All the GCC countries have collectively signed on the VAT framework agreement to implement a simpler and more unified Value Added Tax (VAT) in the Gulf region. The new tax system is expected to have a positive impact on the economic system to change the fiscal reform process. Even several foreign businesses and investors are also looking at the region with great future opportunities, interest, and promise. VAT rate will be fixed at 5% for most of the goods and services with the exception of those products/services that are tax-free.

Since essential basic items like food, education, health, etc, are likely to be VAT-exempted, it may have a positive impact on consumer spending. The low tax rate is also expected to have positive effects on the inflation. Under VAT, businesses will be responsible for collecting tax on behalf of the government, and the tax will be ultimately paid by the end consumer.

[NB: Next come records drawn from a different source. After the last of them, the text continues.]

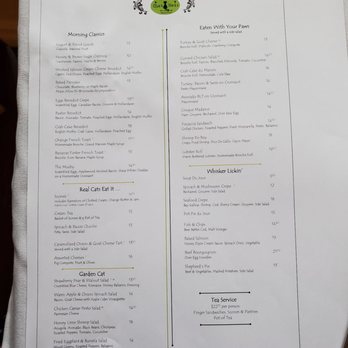 Chat Noir - Menu - Tea Rooms Near Me - Rockville Centre, New York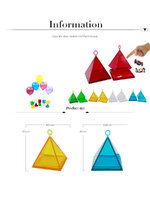 ฐานยึดลูกโป่ง ทรงสามเหลี่ยม - Pyramid shape balloon weight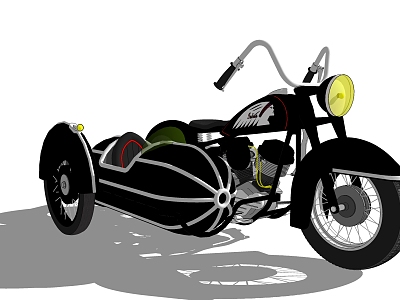 Modern Motorcycle model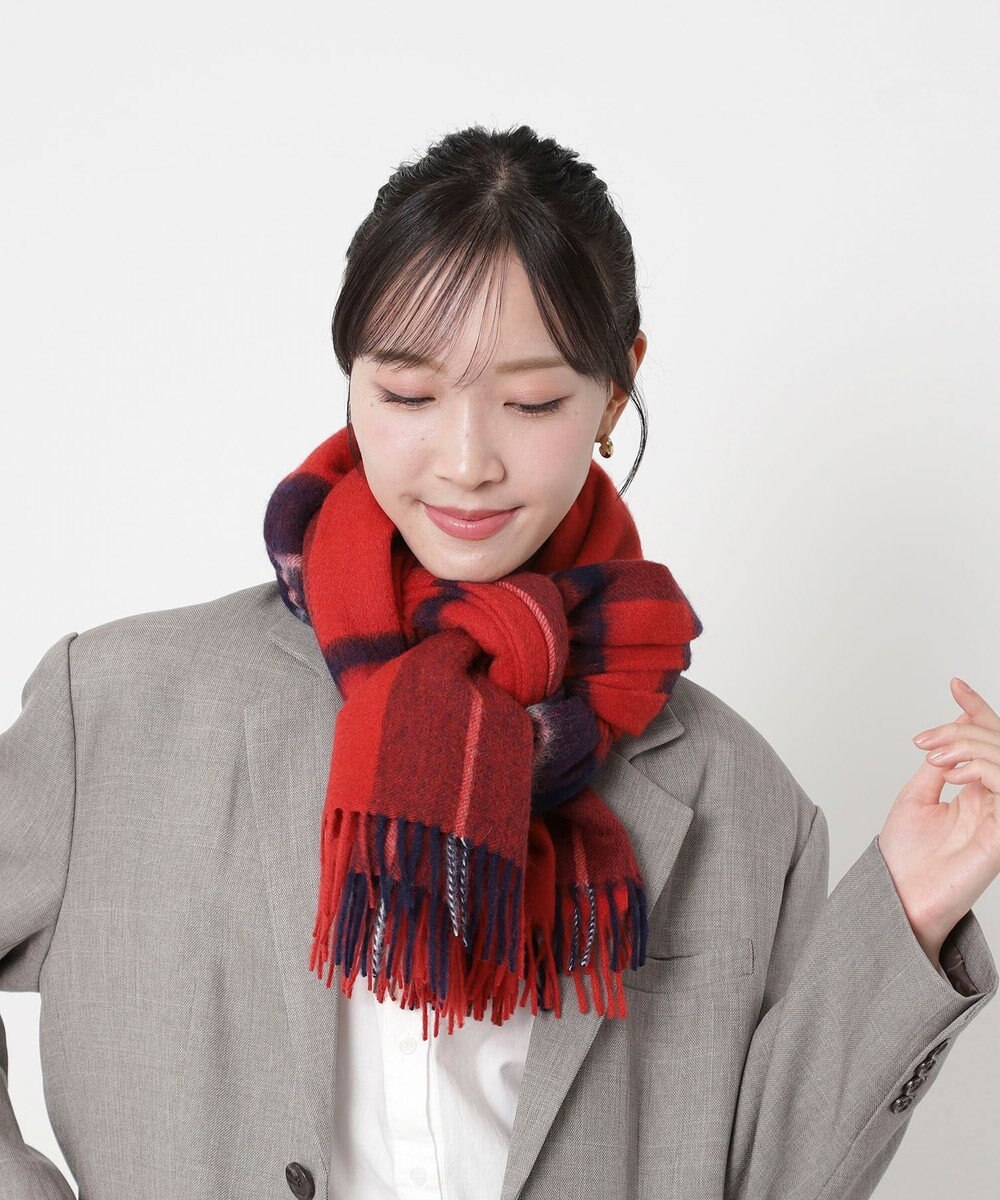 MOONBAT MACKINTOSH PHILOSOPHY(マッキントッシュ フィロソフィー）ウール100% 2WAYチェックポンチョストール 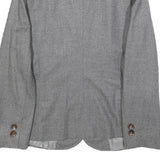 BOGNER Womens Grey Wool Tailored Jacket XL Button Plain Elegant Classic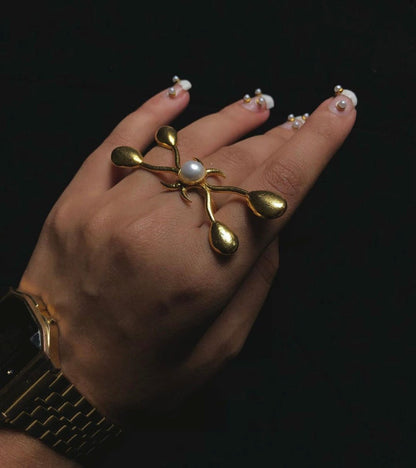Goddess Pearl Ring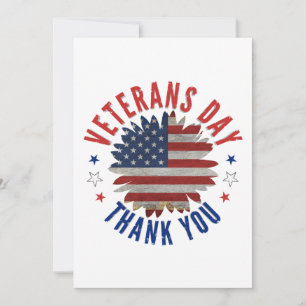VETERANDAG DANK U BEDANKKAART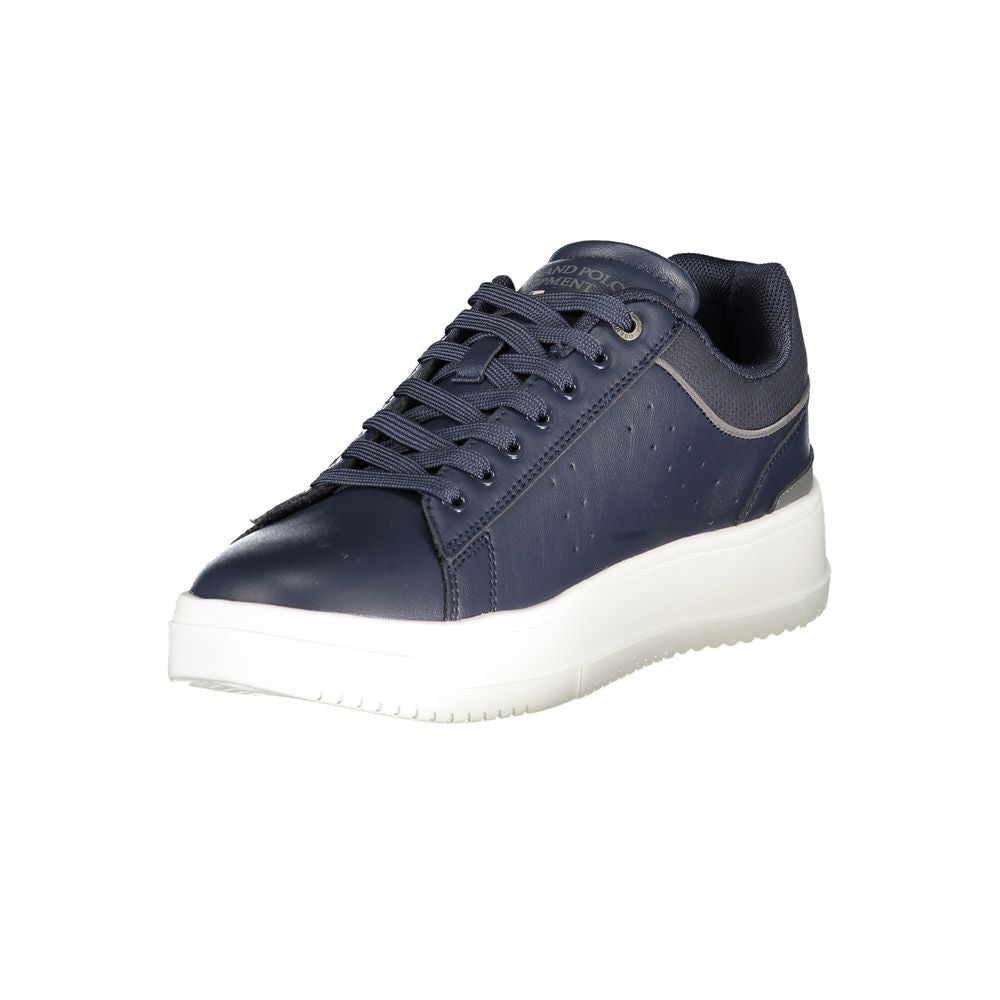 Blauer Herren-Sneaker aus Polyurethan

The UAE and other GCC countries have no indirect taxation, and after the implementation of VAT, there will be only one low rate VAT tax. This is definitely going to attract more international SME businesses towards the region since these countries are already famous for their business-friendly environment.

For now, there doesn’t seem to be clear provisions for VAT refunds for foreign tourists, which may negatively impact the huge number of tourists coming to the GCC from all over the world.

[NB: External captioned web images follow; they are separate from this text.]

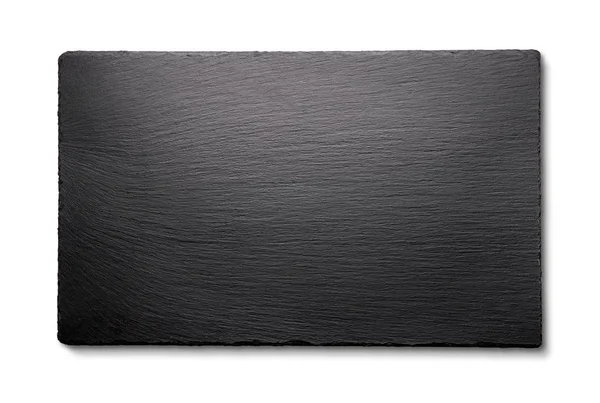 白色背景上孤立的黑色石板 — 图库照片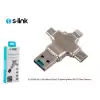 S-Link Sl-Ta35M 4İn1 Usb+Micro+Typec+Lightning Micro Sd (Tf) Kart Okuyucu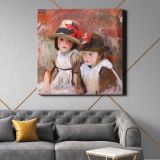 Village Children (1890) by John Singer Sargent — room mockup view 2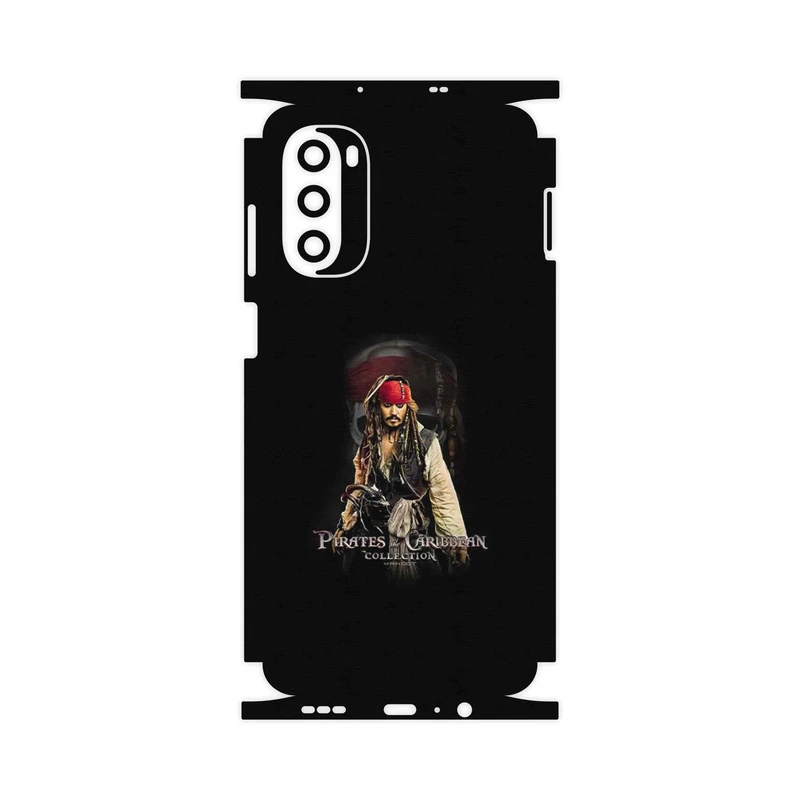 برچسب پوششی ماهوت مدل PIRATES OF THE CARIBBEAN-FullSkin مناسب برای گوشی موبایل موتورولا Moto G52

VAT benefits on Economy and Business

From the economic point of view, VAT is likely to do good for everyone involved. Apart from the additional tax revenue generation, it will promote international and interstate trades in the GCC region, thus creating a positive business environment in the area. This will further improve the infrastructure developments in various sectors like healthcare, education, housing, etc, thus increasing employment opportunities. SME businesses are likely to grow further because of Expo 2020 and other related business opportunities.

The government has not yet officially revealed any formal VAT rules and laws about its coverage, and businesses are still uncertain about the possible implications. Most SMEs are waiting for the official rules and laws to be revealed before they start preparing for the new tax system. After the release of VAT, businesses are likely to get four to five months to understand and accept VAT legislation properly. One problem with the proper VAT implementation is that most small businesses, shops, and traders are not used to maintaining records or account books which may create a serious VAT compliance challenge for these businesses and tax authorities. Businesses with revenue of $100,000 and more are obliged to register for tax under the VAT framework. Companies that are unable to understand or get familiar with the new VAT tax system are advised to outsource the task to professionals.

How to get more informed about VAT?

Businesses can use the official MOF (Ministry of Finance) website to know more about VAT and get regular updates. SMEs should start preparing and managing proper account books and statements. Sufficient guidance and help are available online to assist businesses who want to take preparation measures for VAT assessment. Companies, irrespective of their size, can seek professional help to prepare a transition plan. The official announcement of VAT rules and laws can be anytime soon, and businesses need to be ready to accept and implement it.

VAT non-compliance impacts

Non-compliance of any of VAT rules may result in missed Input VAT credit, penalties, fines, litigation, and even criminal proceedings in some cases. To ensure the smooth running of the business, it is essential for all GCC companies to plan timely and wisely.